The 3X5 Card of Investing

Last weekend, like every weekend, the newspaper I read had pieces offering personal finance advice. But lately their tone has lacked the old joie de vivre.

Before the Internet Bubble and the Housing Bubble and Great Recession and Madoff and Flash Crashes the best seller lists were filled with books about how to become a millionaire overnight. Magazines and newspapers had a thousand schemes to propose for doubling your money with tech stocks or house flipping or day trading

Now all that seems to have vanished. There’s still money advice, but of a more muted, sober sort. If investors haven’t exactly assumed the fetal position, they sure aren’t popping the bubbly. In fact the word bubble can give many of us cold sweats. Thrice burned, permanently terrified.

The best seller list is now more likely to offer cautious advice about how to keep your job or get one than how to make a killing with your excess cash. Who’s got excess cash? And there’s also the fact that 10,000 baby boomers a day are leaving the workforce. That means a lot of the advice is about how to extract money from your savings as cautiously as if defusing a bomb. The largest generation in history is not thinking about how best to cruise the South Seas in their golden years but how to avoid being reduced to a cat food diet before lights out.

Ironically this plain vanilla advice would have stood us all in good stead if we’d only paid attention to it before the fall. We’ve all heard the rules a thousand times. It doesn’t take a book to contain them, or even a longish magazine article. In fact they could probably be crammed onto a 3X5 card. Let’s try.

Giant Caveat: Anything with government rules –IRAs, 401ks, Social Security, Medicare – is so arcane that some specialized advice may be worth seeking out. But the saving/investing part is easy enough.

1 Don’t spend more than you make.

2 Pay your debts every month if at all possible. Fees can kill you.

3 If you are in a two income household, make every effort to live on one income and invest a large fraction of the other.

4 if you buy a house, it is a place to live not a get rich quick scheme. Figure you’ll be lucky to break even. And you may have heard location matters. Don’t buy the fanciest house in a modest neighborhood; buy a modest house in a fancier neighborhood. With luck the value will hold up.

5 Go for the shortest mortgage you can manage. Don’t take out home equity loans. Pay the thing off as fast as feasible. When you do, don’t spend the money that used to go for the mortgage. Invest it.

6 Invest enough to maximize the match on the company 401k.

7 If your company promises a pension, say thank you very much but don’t count on it. They have been vanishing in a puff of smoke lately. Invest even more from your paycheck.

8 If after the 401k you still have money to invest, max out a Roth IRA.

9 In choosing where to put all that money, Asset Allocation is the most important decision. As a committed Boglehead, this means I favor low cost index funds that reflect the total market.
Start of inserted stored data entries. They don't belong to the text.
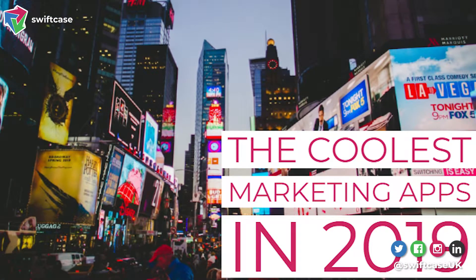My name is Adam Sykes, founder of Swiftcase, the professional productivity platform, and today we're talking about the coolest marketing apps of 2019. Stay tuned and you can see some of the apps that we use here at Swiftcase in order to make our marketing much more productive.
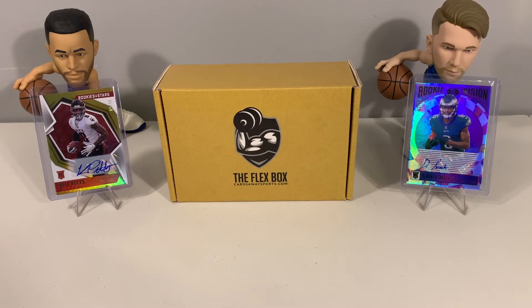What's up everyone, welcome back to the channel. We are back again with this month's Cards Away Sports Flex Box Gold Edition. We have our football box here and will get to our basketball box in a day or so. Before we get to that, I have a couple of extra things and want to thank everyone for all the support to the channel.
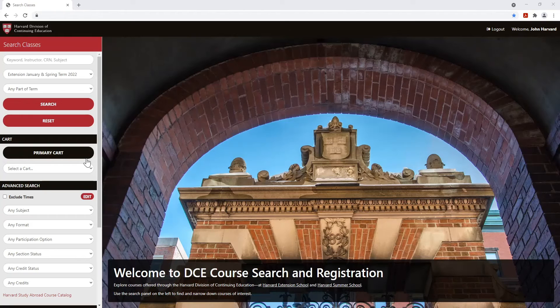In addition to familiar search options like keyword, subject, format, and credit status, we're excited to offer new and expanded search functionality, including part of term, participation option, and number of credits. You can also exclude courses from your search results based on meeting times you designate as unavailable.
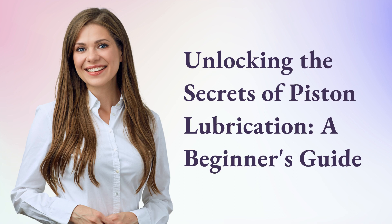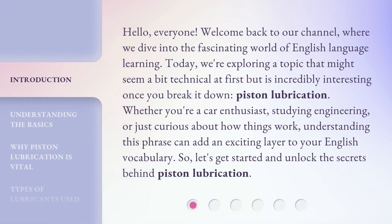Unlocking the Secrets of Piston Lubrication: a Beginner's Guide. Hello, everyone. Welcome back to our channel, where we dive into the fascinating world of English language learning. Today, we're exploring a topic that might seem a bit technical at first but is incredibly interesting once you break it down — piston lubrication. Whether you're a car enthusiast, studying engineering, or just curious about how things work, understanding this phrase can add an exciting layer to your English vocabulary. So, let's get started and unlock the secrets behind piston lubrication.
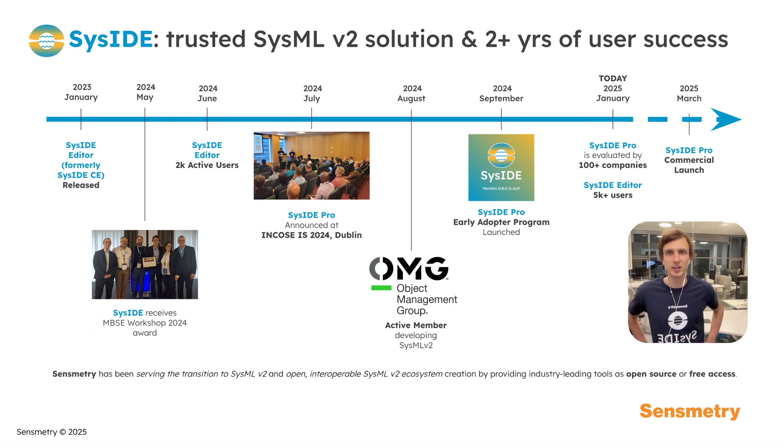Seaside is a trusted SysMLv2 solution with over two years of user success. Launched in January 2023, it has gained over 5,000 users to date. Sensmetry has been an active contributor to the emerging SysMLv2 community, participating in key industry events and joining OMG to contribute to the SysMLv2 standard development.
Say 30% in Total US Stocks (VTSAX), 30% in Total International Stocks (VTIAX), 25% Total Bonds (XBTLX), 5% Money Market, and possibly 10% in “Other” for slightly greater diversification. Some smart people say REITs, others commodity funds. Knock yourself out. If that’s too tricky, buy a target date fund for the year of your anticipated retirement.

10 Once set up, keep putting in, don’t take out. Leave your money alone and let it compound. In short don’t trade, invest. If you need a hobby try cross-stitch. If you need excitement, ride a roller coaster. You may not get rich, but you might get comfortable. Barring the end of civilization, you hopefully won’t get poor.
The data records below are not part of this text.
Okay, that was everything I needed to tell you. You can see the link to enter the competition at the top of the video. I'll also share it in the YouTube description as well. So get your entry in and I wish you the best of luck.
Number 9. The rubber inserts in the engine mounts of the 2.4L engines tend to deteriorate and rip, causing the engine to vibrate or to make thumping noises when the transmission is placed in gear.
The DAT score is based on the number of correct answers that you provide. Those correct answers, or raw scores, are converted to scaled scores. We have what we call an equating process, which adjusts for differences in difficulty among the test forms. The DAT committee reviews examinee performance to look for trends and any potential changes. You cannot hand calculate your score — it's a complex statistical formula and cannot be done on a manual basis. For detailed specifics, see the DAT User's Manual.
There. How hard was that? No need to listen to Suze Orman ever again or read those eye-glazing advice columns and scare headlines. No need to listen to stock touts like Cramer who was shouting “buy” minutes before the crash. No need to attempt tricky stuff like puts and calls, farm land in Bolivia, swaps and straddles, whatever they are.
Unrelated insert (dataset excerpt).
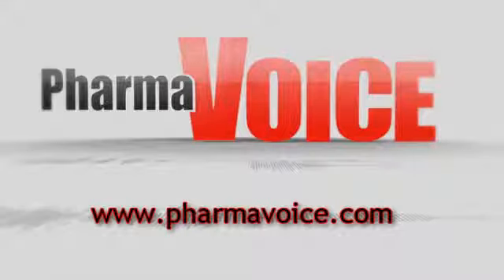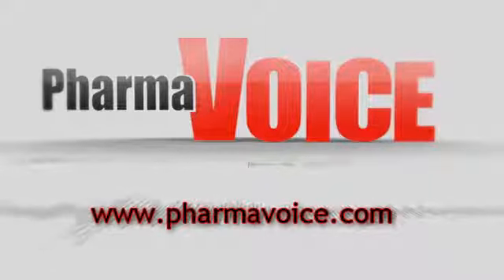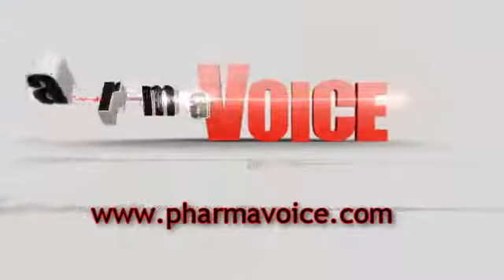Additional Editor's Take videos, as well as podcasts, white papers, webinars, and more, are available in the resources area at www.pharmavoice.com.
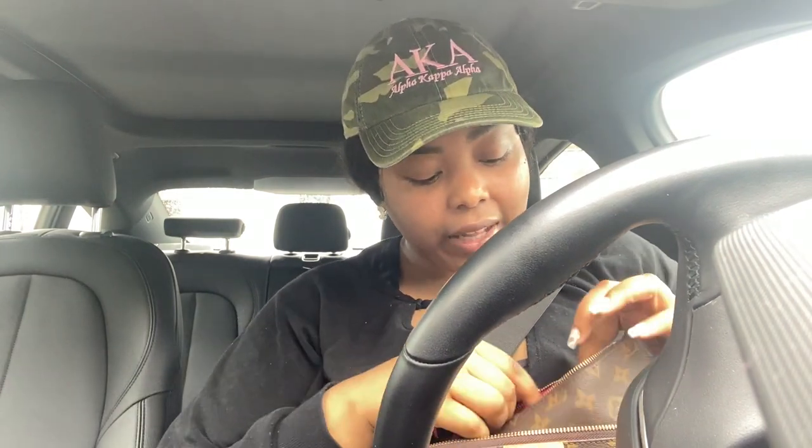I just finished Twerking Sweat — oh my God, I burnt almost 600 calories! It was so insane. I wanted to go to Pilates but it's full, so I'm going to Pilates in the morning.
Problem solved. Except you may have noticed getting the money to invest in the first place requires that you be married and both have good jobs. Keeping expenses down would tend to argue for no children, (very expensive) pets too, no Starbucks, Wal-Mart Foods not Whole Foods, dining in not out, living in a part of the country with low taxes and low cost of living, small house not McMansion. No bright lights, big city. In short, it would require us to live like people did in 1950s, fresh from the austerity of the Depression and War Years and before the great deficit spend-a-thon kicked into high gear.

I know what you’re thinking: Just shoot me, I’d rather be poor at the end and a wastrel in the beginning. The trouble is, when you begin to notice in your late forties or fifties what a terrible idea that was it’s too late to catch up.

Of course there’s always Plan B. Inherit millions from a long lost cousin. Or win the Publishers Clearing House Sweepstakes.